Image-text web data
* * * * * * * * *

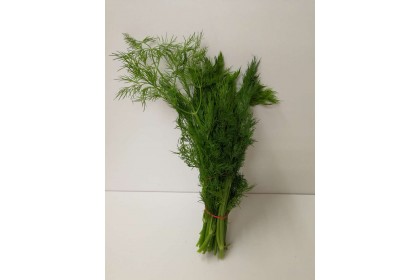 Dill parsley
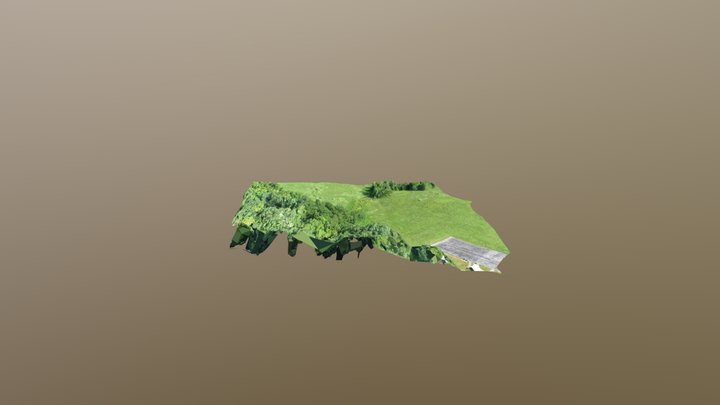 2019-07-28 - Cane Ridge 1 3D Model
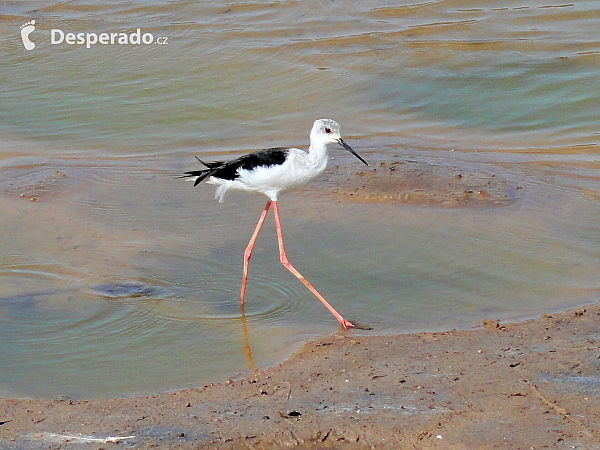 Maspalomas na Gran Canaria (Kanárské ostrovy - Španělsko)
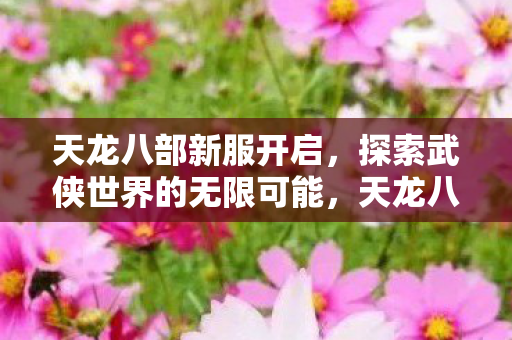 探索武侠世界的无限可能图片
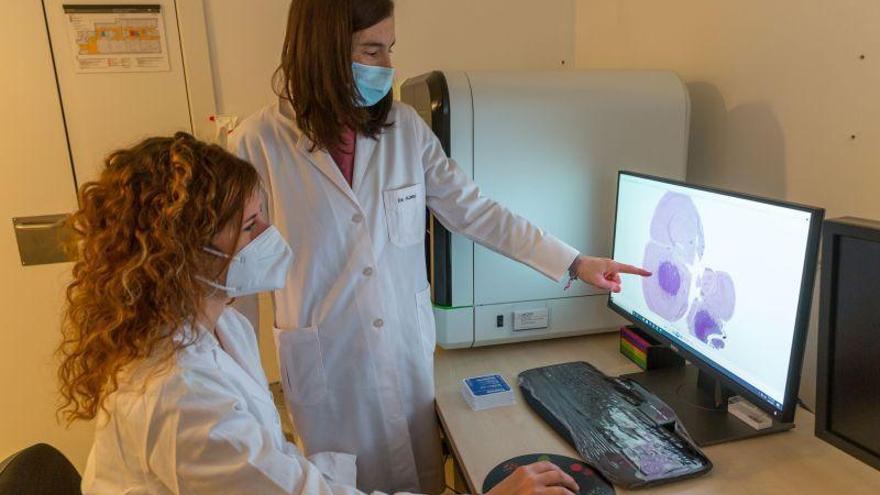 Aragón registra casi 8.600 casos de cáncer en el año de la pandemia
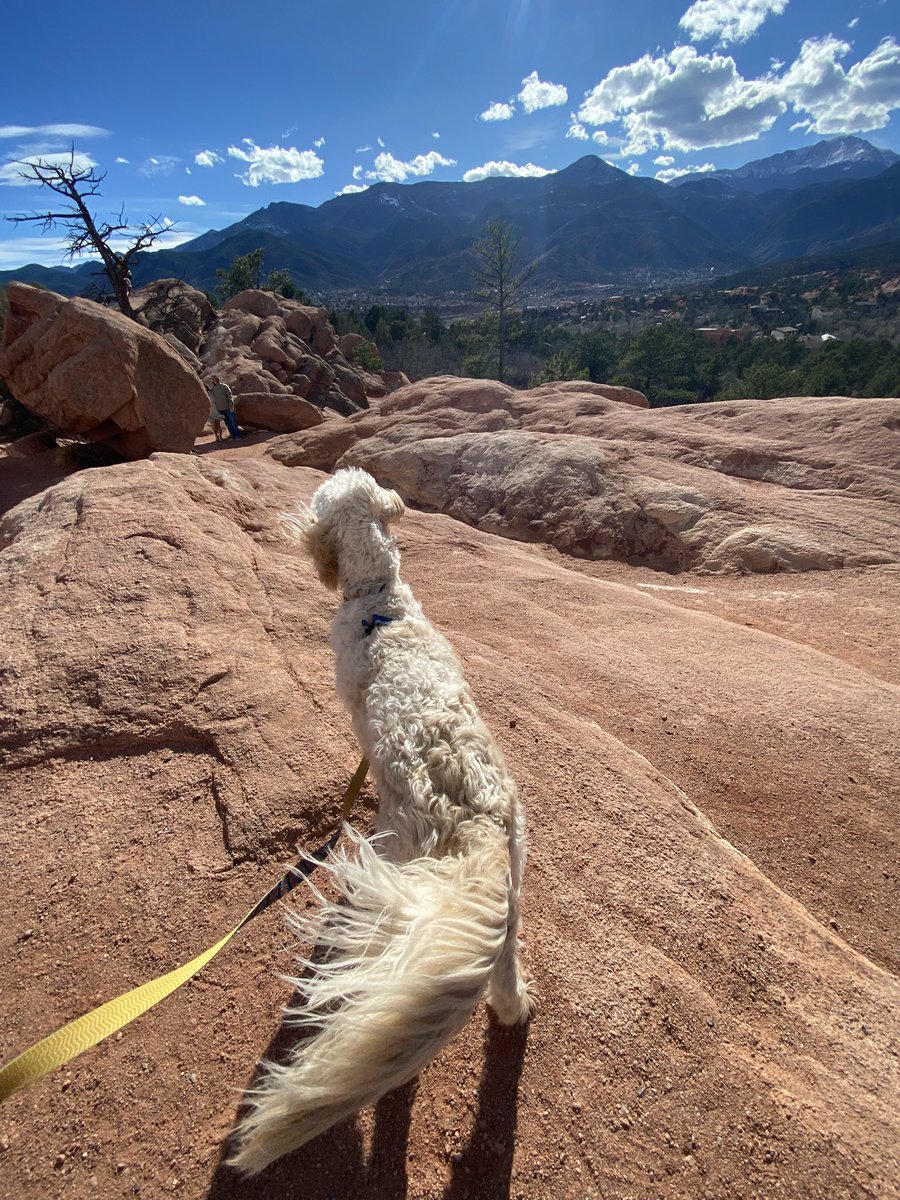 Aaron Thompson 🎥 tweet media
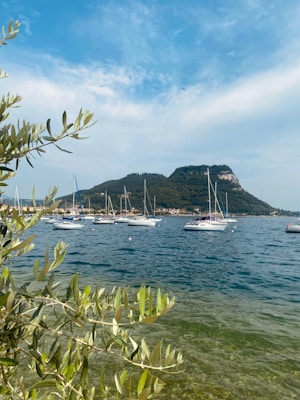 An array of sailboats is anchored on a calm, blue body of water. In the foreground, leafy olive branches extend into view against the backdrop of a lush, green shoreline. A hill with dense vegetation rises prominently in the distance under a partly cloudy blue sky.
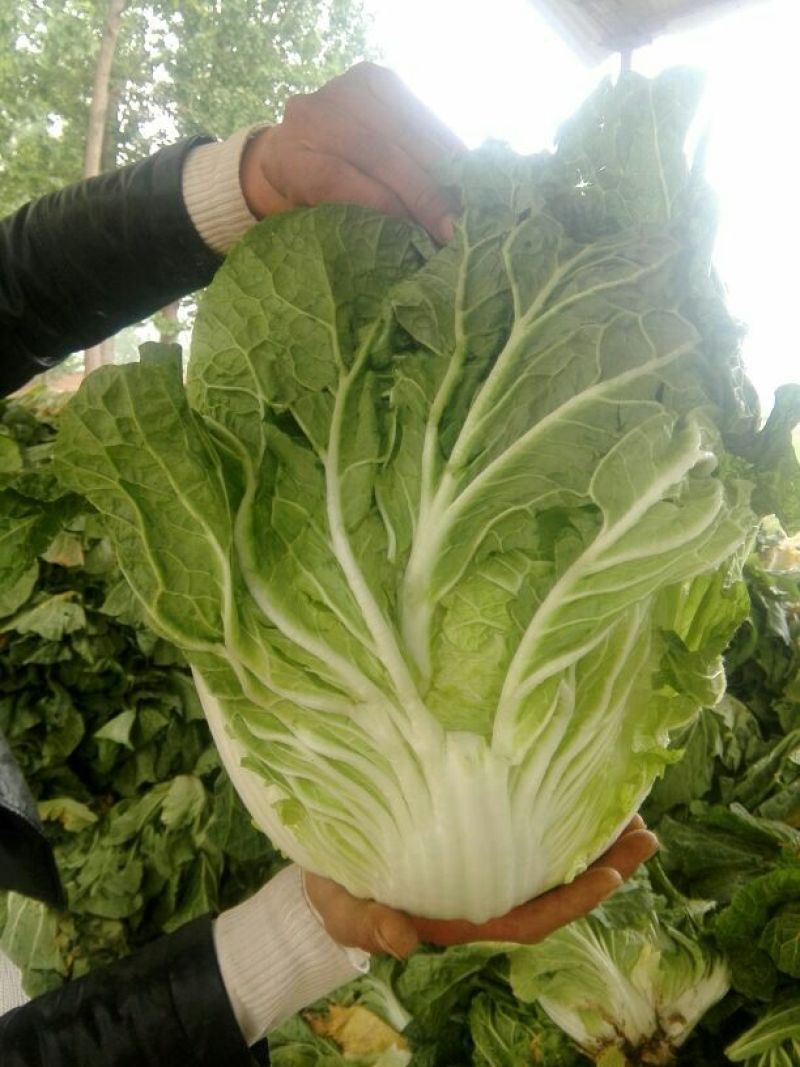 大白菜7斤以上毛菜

* * * * * * * * *

• _What you have to do_:
Keep the pictures out of your answer, which should be the lines from the one with "Aaron Thompson 🎥 tweet media" through the final line of the data, copied exactly.

• _Output of the task_:
 Aaron Thompson 🎥 tweet media
 An array of sailboats is anchored on a calm, blue body of water. In the foreground, leafy olive branches extend into view against the backdrop of a lush, green shoreline. A hill with dense vegetation rises prominently in the distance under a partly cloudy blue sky.
 大白菜7斤以上毛菜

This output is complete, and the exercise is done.